Kasich and GOP legislators should avoid Medicaid standoff


It’s good to hear that Ohio Gov. John Kasich is ready to fight for the expansion of Medicaid coverage for the state’s residents and that he is confident that he’ll win the battle.

Kasich told the Cincinnati Enquirer a few days ago that he believes providing broader Medicaid coverage is “a matter of life and death,” and that it is not a matter of if the expansion is going to happen, but when.

The certainty with which Kasich has been talking about the Medicaid expansion is somewhat surprising, given that he is taken on the Republican majority in the General Assembly, especially the House of Representatives. But it is no less surprising than his appearance earlier in the month at a pro-expansion rally at the Statehouse that was more Democratic than Republican in character and attendance (although the governor has the backing of the Chamber of Commerce on the issue as well).

Kasich’s support for expanding Medicaid coverage in Ohio under President Obama’s Affordable Care Act makes sense on every level except that of ideology.

The state has the opportunity to expand Medicaid coverage to families with incomes up to 138 percent of federal poverty level (about $15,400 per person or $23,050 for a family of four).
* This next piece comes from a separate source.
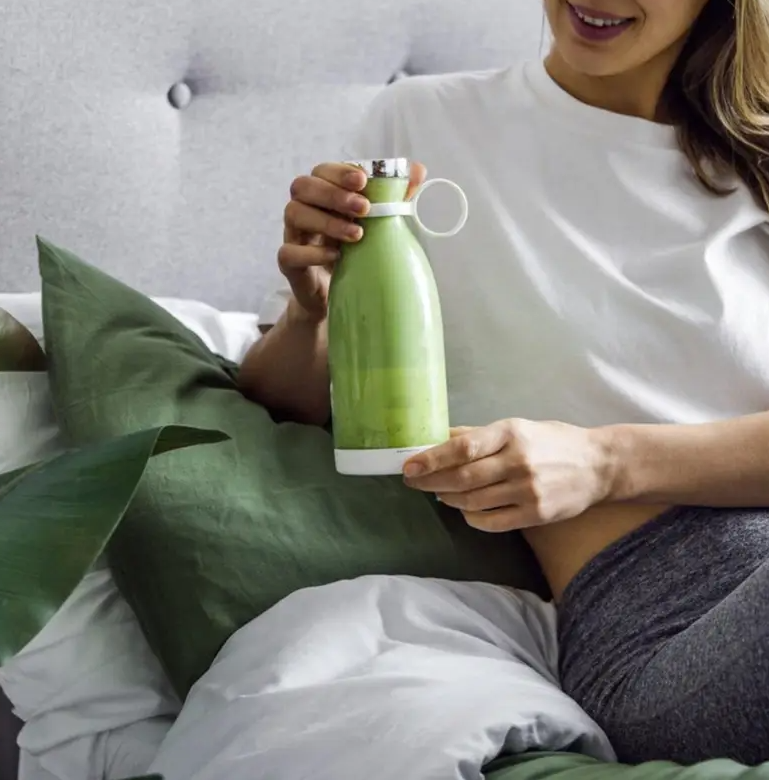 1 st draagbare draadloze elektrische sapcentrifuge-blender met USB-opladerMilkshakes, gebruik buitenshuis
That would extend Medicaid to about 300,000 men, women and children, and it would bring billions of federal dollars into Ohio each year — about $13 billion over seven years.
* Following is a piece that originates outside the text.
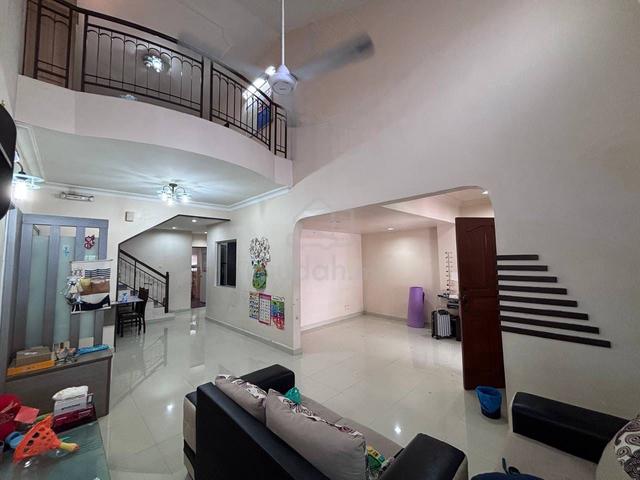 Skudai 1.5 Storey House Jalan Bakti Taman Mutiara Rini Renovated 1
During the budget debate, Republican legislators said the state couldn’t afford to eventually pay its 10 percent share of the cost, yet they unilaterally suggested spending about $300 million in the two year biennial budget on a much more limited expansion of health care in the state. Why not leverage that money to bring billions more into the state to help hundreds of thousands of more people? The only answer is that Republican legislators want to make an anti-Obama, anti-federal government statement.

Costs vs. Benefits

But it will be the people of Ohio who will be paying for that statement in numerous ways.

Fewer people will receive treatment. Fewer doctors, hospitals, pharmacies and nursing homes will receive payments, and fewer employees of all of those entities will receive paychecks. And to the extent that some of those 300,000 uncovered Ohioans have to seek treatment for which they can’t pay at hospital emergency rooms, the costs will be passed along to other Ohioans and companies that provide health care coverage for their employees.

Kasich and GOP leaders in the House and Senate should be working out their differences in August so that legislation can be passed allowing the state to take advantage of the opportunity the Affordable Car Act provides.

Come September, if no agreement is reached, Kasich is going to have to begin playing hard ball or be seen as a Republican governor who couldn’t get his own party to work for the benefit of the state and its people.

Faced with a similar standoff, Arizona’s Republican governor, Jan Brewer, began vetoing Republican bills that came across her desk until the Legislature relented. She came out the winner, but neither Kasich nor General Assembly leaders in Ohio should want to see Ohio’s Medicaid standoff come to that.